The current cap on academic fees is £3,290. From 2012, most institutions will be set at a new threshold of £6,000 a year. In some ‘exceptional cases’, universities can charge more than this – up to a ceiling of £9,000.
But just how exceptional does an ‘exceptional case’ have to be? The government says that in order to charge more than £6,000, institutions ‘will have to show how they will spend some of the additional income making progress in widening participation and fair access’.
That’s all well and good, but what about the students’ return on their enormous investment? I’ve been talking to recent graduates who work here at Which? to find out what they think of the changes.

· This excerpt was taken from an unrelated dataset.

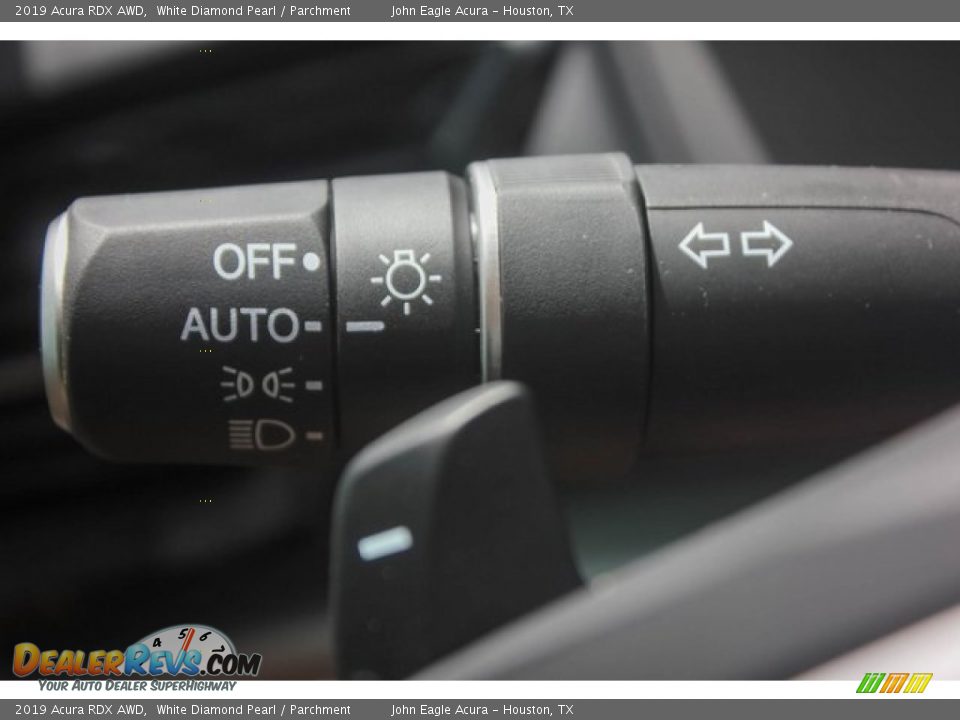 2019 Acura RDX AWD White Diamond Pearl / Parchment Photo #34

Making degrees value for money
Rachel Easter has a definite view on what this kind of money should buy. ‘I’d want a full schedule of classes from the best teachers out there, top quality and personal feedback on my progress, a high degree of focus on employability in my degree and a guarantee that I would get at least a 2:1,’ she says.

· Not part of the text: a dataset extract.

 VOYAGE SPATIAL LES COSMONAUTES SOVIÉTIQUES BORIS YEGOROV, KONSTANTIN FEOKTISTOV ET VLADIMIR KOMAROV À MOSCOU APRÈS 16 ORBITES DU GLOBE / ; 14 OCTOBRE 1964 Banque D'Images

Matthew England agrees that the changes will put much more pressure on school leavers to consider value for money when making decisions about their courses. ‘I’m from a middle class background and knew my parents could support me, so I picked a subject that interested me,’ he says. ‘While I did consider my eventual employability, the thought of comparing the ‘value for money’ of different courses didn’t really come into the equation’
Students from lower-income backgrounds
But what of the students who come from lower-income families, like Grace Duffy? She graduated from LSE in 2006 and had her tuition fees paid for her, though she had to take out £15,000 in loans to cover the cost of living in London.

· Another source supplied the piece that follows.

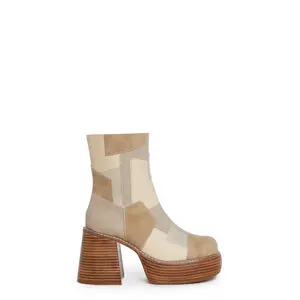 Winding Roads Ankle Boots - Beige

‘If I had to repay an additional £27,000 – taking my student debt to £42,000 – I may have reconsidered going to university or settled for a less prestigious institution that charged lower fees,’ explains Grace. ‘It would be tragic if the destination of students leaving school was determined not by their grades but by their financial situation. For many students from lower income families, taking on a debt of over £40,000 would be inconceivable.’
Drew Ritchie, who grew up in Glasgow, and had his higher education paid for by the Scottish Government, agrees, suggesting that the rises will create a two-tier system. ‘Those from the poorest households will be excluded from a high quality education and forced to settle for under-funded, poor quality alternatives,’ he argues. ‘They will then come out the other side less likely to find a job, yet still in debt.’
What’s the bigger picture?
So, are there any positives to be taken from today’s announcement? ‘I do think there’s a problem of too many students going to university just because it’s ‘the done thing’ at that age. This will make school leavers less inclined to automatically choose to study further,’ says Matthew. ‘Saying that, this isn’t necessarily a good thing as it makes a degree more and more of a commodity, when in reality going to uni is about much more than this.’
What’s been your reaction to this news? Will higher fees really change the shape of our education system or should students just shoulder the debt and get on with it?